The Senate Agriculture Committee is currently cobbling together its farm bill proposal, Hoefner says. “What happens in the next four weeks [in the Sentate Ag committee] will largely determine what’s going to happen in this farm bill, regardless of whether it finishes this year,” he said. That’s because the Senate version will represent what Hoefner calls the bill’s “high water mark” in terms of progressive policy. When the Senate bill goes to the the budget-slashing House for reconciliation—whenever that reconciliation actually takes place—it will likely be pushed in more regressive, Big Ag-friendly directions.
Hoefner broke down the key issues for me one by one.
• Progressive food and ag programs on the chopping block. For decades, groups like Hoefner’s have worked hard to create a set of programs designed to at least partially offset US farm policy’s tendency to bolster Big Ag. The programs, which the Obama Administration in 2009 grouped under the banner of Know Your Farmer, Know Your Food, include initiatives designed to assist new farmers to get loans help communities roll out farmers markets, andreduce costs for farms to transition to organic.
Taken as a whole, Hoefner says, the programs amount to about $175 million per year—less than 1 percent of the non-food stamps portion of the farm bill. “These programs make up an extremely modest portion of the farm bill’s budget, but they’ve had a large impact on communities nationwide,” Hoefner said. Hoefner pointed to a wide-ranging recent USDA study documenting positive impact of the programs.

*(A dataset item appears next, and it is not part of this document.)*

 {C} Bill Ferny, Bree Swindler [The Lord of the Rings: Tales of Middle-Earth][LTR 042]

And now they’re all on the block, Hoefner says. The issue is that these programs won mandatory funding in the 2008 farm bill, but will lose that status on Sept. 30. If Congress does manage to pass a new farm bill by the deadline, there will be strong push to kill the programs in the name of fiscal rectitude. (GOP stalwarts like ag committee member Sen. Pat Roberts (R-Kansas) are already taking aim at Know Your Farmer.) And if Congress fails to put together a new farm bill and instead temporarily extends the old one, the programs will likely languish unfunded, stripped of their “mandatory” status. And if that happens, it will be extremely difficult to revive fuding for them when Congress finally does get around to passing a new farm bill.

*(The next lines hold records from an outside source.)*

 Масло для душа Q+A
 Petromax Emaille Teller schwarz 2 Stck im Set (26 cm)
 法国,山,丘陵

“The second half of April could determine whether or not we’ll have government support for sustainable farm and food programs for the next five years,” Hoefner said.
• Big Ag continues to get support for monster corn and soy crops. Large commodity growers will take a nominal hit in the next farm bill. For years, farmers in a few chosen crops—corn, soy, cotton, etc.—have received $5 billion per year in so-called “direct payments” based on the acreage under production. In order to receive direct payments, farmers had to sign so called “conservation-compliance” agreements, which obligated them to create conservation plans for highly erodible land and agree not to drain wetlands for planting. The conservation-compliance agreements were far from perfect, Hoefner says, but they did help slow soil erosion in the Corn Belt for years.
In the next farm bill, direct payments will almost certainly be scrapped, Hoefner says, and replaced by a revenue-insurance scheme that is projected to cost $3.5 billion per year, saving taxpayers $1.5 billion per year. Sounds like a step forward, right? Wrong. First of all, in current negotiations, there is no conservation-compliance requirement for revenue insurance—meaning that farmers will have incentive to drain wetlands to grow crops, as well as expand crops onto erosion-prone land. Moreover, the new scheme will likely insure prices at high levels—meaning that relatively small price dips could cost taxpayers serious money, potentially wiping out that promised $1.5 billion in savings.
The switch to revenue insurance, Hoefner says, will “further reduce the risk of putting the pedal to the metal on commodity production, [with] no incentive whatsoever to diversify crops or leave any ground unplanted.” All of that, of course, is manna to the companies that supply inputs to industrial-scale farmers: seed and pesticide companies like Monsanto and Syngenta; and to the companies that buy corn and soy and transform them into a range of low-quality, profitable foods.